Speaking at a joint press conference of the Ministry of Finance and the Central Bank of Nigeria (CBN) at the spring meetings of the International Monetary Fund (IMF) and the World Bank, in Washington D.C, Edun said the country is also set to benefit from budgetary support and low-interest funding from the African Development Bank.

He added that negotiations with foreign direct investors are also underway with promising prospects for substantial investment flows into the country. “If you look at the fact that we have qualified for the processing, just this week to the Board of Directors of the World Bank, of the total package of $2.25 billion of what you can call, I mean if there is no such thing as a free lunch, but it is the closest you can get to free money. It is virtually a grant. It is for about 40 years, with 10 years moratorium and about one percent interest. So that also is part of the flow you can count.”
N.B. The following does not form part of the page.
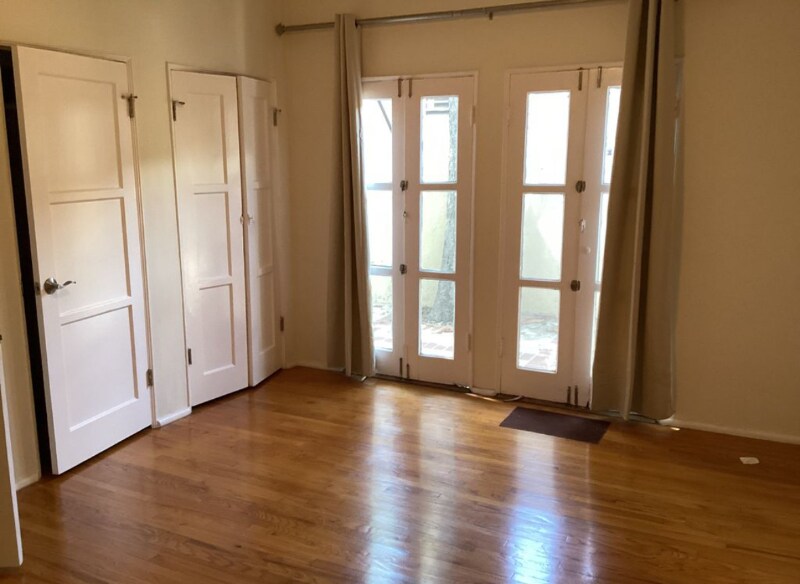 Building Photo - 9979 Robbins Dr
On debt sustainability, Edun emphasized the critical importance of generating revenue, particularly from oil, as a primary source, with endeavors focused on maximizing its benefits for Nigerians. He pointed out that President Bola Tinubu has established ambitious goals to increase oil production, targeting a rise to two million barrels per day from the current 1.6 million.

Noting that Nigerians abroad are “doing very, very well. They have significant funding,” Edun said the Nigerian government is considering the issuance of diaspora bonds, aiming to attract funds from Nigerians living abroad and foreign currency holdings. The proposed diaspora bonds are anticipated to serve as an attractive investment instrument, catering to the financial interests of both Nigerians abroad and foreign investors.

“The government is looking at attracting those funds and capturing those funds through a diaspora type of instrument, a diaspora bond. We think that would be a very attractive instrument for Nigerians abroad and for foreign holdings of foreign currency and we look to have a substantive, substantial, and successful issue later in the year,” Edun disclosed.

On his part, the governor of the Central Bank of Nigeria, Dr Olayemi Cardoso, said, “Besides our meetings with multilateral financial institutions, and foreign investor groups with a keen interest in developments in Nigeria, including a critical gathering at the US Chamber of Commerce, we had very productive discussions with leading International Money Transfer Operators (IMTOs), where we collectively committed to doubling remittance flows through formal channels into Nigeria in the immediate short to medium term.

This target is both ambitious and achievable, and we’re wasting no time in setting up a collaborative task force, reporting to myself, to drive progress and address any bottlenecks that hinder flows through formal channels.”